Neurons also benefit during TH by a stabilization of the cellular membranes. Exactly how this happens is not well understood, but the resulting benefit is that there is a limited calcium influx. An influx of calcium normally excites the cell-speeding metabolism. With less calcium, metabolism remains reduced, enhancing healing.4
There is no single cooling method shown to be superior to others in regards to patient outcomes.2,8 Regardless of how cooling is performed, target temperature needs to be obtained within 300 minutes.3 Prior to initiating cooling, it is essential to carefully document a neurological examination.4 This baseline examination is essential for neurologists who later evaluate the patients so they can look for improvements from the baseline.
There are many cooling techniques, including ice packs along the axilla, groin and sides of the neck; ice baths; cooling blankets with circulating water; iced normal saline and other fluids; gel-coated cooling pads along the torso; cooling helmets and caps; and invasive lines. Once cooling is initiated, the goal is to achieve the temperature, most commonly 32°C, as rapidly as possible. This is important because slow cooling can exacerbate hypovolemia and electrolyte disorders, including hypokalemia, hypomagnesemia and hyperglycemia.4
For prehospital providers, the use of normal saline and lactated Ringer’s chilled to 4°C has become a standard for cooling. Administering 30 ml/kg over 30 minutes has been shown to cool patients 1.4°C.4 Additionally, a feasibility study administering 30 ml/kg of 4°C saline at 100 ml/min reduced temperatures by an average of 1.9°C.11 In theory, administering 30 ml/kg of saline to any patient could push them into heart failure, but multiple case studies have demonstrated that saline can be used to induce hypothermia safely, effectively and without significant complications, including pulmonary edema.8 Preliminary data from New York City EMS has found that 7.7% of patients receiving prehospital intra-arrest iced saline develop some symptoms of pulmonary edema, but that these patients actually have better outcomes than those who don’t.12
There are several devices that target cerebral cooling following cardiac arrest. The benefit of cerebral cooling for brain injuries is discussed later, but isolated cerebral cooling has not been well researched in cardiac arrest patients. All research is on systemic cooling. One study that reviewed targeted cranial cooling found no significant systemic cooling was achieved.11
Temperatures and Times
While the ideal target temperature has not been determined, nearly all studies cool patients to 33°–34°C.3 Cooling patients to 27°C has been shown to cause adverse effects and complications.2 Currently most protocols aim for 32°–33°C.

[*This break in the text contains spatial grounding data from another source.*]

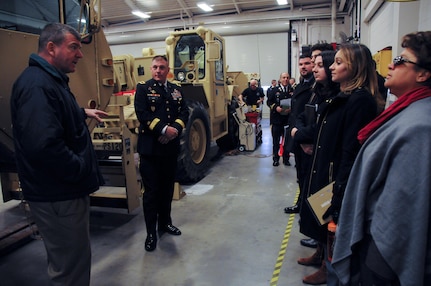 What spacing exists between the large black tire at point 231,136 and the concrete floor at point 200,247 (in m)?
2.82

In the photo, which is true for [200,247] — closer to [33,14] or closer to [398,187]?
[398,187]

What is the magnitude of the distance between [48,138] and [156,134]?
148 centimetres

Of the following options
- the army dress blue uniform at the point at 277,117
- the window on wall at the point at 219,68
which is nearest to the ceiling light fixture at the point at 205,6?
the window on wall at the point at 219,68

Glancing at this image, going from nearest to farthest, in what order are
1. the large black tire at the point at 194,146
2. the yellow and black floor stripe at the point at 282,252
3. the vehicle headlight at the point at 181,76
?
1. the yellow and black floor stripe at the point at 282,252
2. the large black tire at the point at 194,146
3. the vehicle headlight at the point at 181,76

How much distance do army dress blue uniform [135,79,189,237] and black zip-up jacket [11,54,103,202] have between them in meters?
1.19

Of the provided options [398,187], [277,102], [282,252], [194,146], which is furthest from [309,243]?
[277,102]

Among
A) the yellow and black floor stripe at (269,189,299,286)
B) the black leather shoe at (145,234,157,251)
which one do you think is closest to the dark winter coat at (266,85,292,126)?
the yellow and black floor stripe at (269,189,299,286)

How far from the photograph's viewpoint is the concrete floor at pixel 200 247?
2.72m

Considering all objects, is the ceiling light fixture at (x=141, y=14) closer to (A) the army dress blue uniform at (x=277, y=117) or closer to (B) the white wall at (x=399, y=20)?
(A) the army dress blue uniform at (x=277, y=117)

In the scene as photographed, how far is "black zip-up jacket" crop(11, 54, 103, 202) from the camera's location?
1.68 meters

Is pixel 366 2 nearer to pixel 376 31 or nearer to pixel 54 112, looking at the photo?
pixel 376 31

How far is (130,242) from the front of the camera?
3.34m

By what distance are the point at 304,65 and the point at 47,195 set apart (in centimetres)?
277

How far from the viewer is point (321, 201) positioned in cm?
194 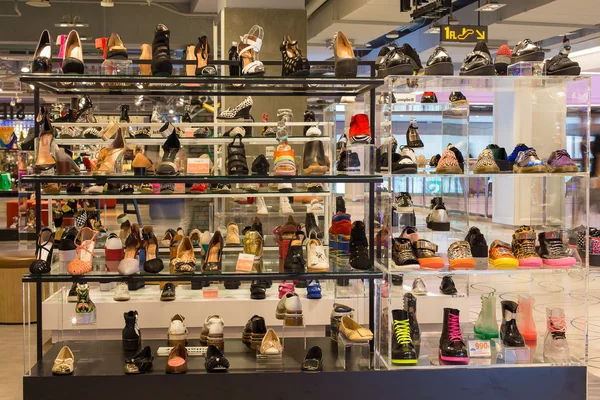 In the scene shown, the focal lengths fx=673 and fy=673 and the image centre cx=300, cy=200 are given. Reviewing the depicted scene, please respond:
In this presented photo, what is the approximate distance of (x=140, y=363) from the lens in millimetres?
3617

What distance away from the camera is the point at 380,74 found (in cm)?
394

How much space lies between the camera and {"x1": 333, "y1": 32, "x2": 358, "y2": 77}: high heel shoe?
3766mm

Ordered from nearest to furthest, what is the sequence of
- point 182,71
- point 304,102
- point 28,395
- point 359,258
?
point 28,395 → point 359,258 → point 182,71 → point 304,102

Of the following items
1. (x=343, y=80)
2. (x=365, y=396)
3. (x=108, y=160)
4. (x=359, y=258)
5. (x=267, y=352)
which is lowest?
(x=365, y=396)

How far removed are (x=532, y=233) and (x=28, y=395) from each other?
296cm

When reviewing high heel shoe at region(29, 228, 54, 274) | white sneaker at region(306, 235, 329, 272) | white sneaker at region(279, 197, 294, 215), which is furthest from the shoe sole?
white sneaker at region(279, 197, 294, 215)

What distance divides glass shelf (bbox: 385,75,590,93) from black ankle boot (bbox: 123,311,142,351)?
2.09m

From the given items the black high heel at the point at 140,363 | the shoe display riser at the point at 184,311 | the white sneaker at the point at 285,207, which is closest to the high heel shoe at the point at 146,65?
the black high heel at the point at 140,363

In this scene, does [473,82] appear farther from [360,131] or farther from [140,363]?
[140,363]

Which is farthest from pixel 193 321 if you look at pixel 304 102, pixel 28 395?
pixel 304 102

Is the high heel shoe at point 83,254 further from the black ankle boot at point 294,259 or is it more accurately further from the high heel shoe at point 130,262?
the black ankle boot at point 294,259

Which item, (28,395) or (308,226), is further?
(308,226)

When cooling patients it is essential to monitor temperatures continuously.3 This can be done with esophageal, rectal or Foley thermometers. The AHA says temperature monitoring is best done via esophageal or bladder catheter, and that axillary and oral thermometers are inadequate for ongoing monitoring.8 However, a study that compared tympanic to bladder and esophageal temperatures during management of therapeutic hypothermia found that an accurately obtained tympanic temperature reliably reflects esophageal and core body temperature.13
Once cooling is initiated it is essential to prevent premature rewarming. Maintain cooling until physicians can control the rewarming process. While the optimal cooling period has not been determined, most protocols maintain it for at least 24 hours.4 Some studies keep patients cool for as long as 48 hours.3 Additionally, cerebral edema can persist for up to 72 hours, so it is reasonable to suspect that down the road, the cooling time period may be extended.4
Shivering, the rhythmic tremoring of skeletal muscle, is the most frequent side effect of therapeutic hypothermia. It is activated when a certain temperature is reached in the hypothalamus, most often between 36°–37°C.14 Effective shivering increases basal metabolic rate to 2–5 times normal, and is also associated with an increase in energy and oxygen consumption, as well as carbon dioxide elimination. Subclinical shivering may be as subtle as increased muscle tone and will also slow cooling.4 Shivering also increases blood pressure, heart rate, respiratory rate and intracranial pressure.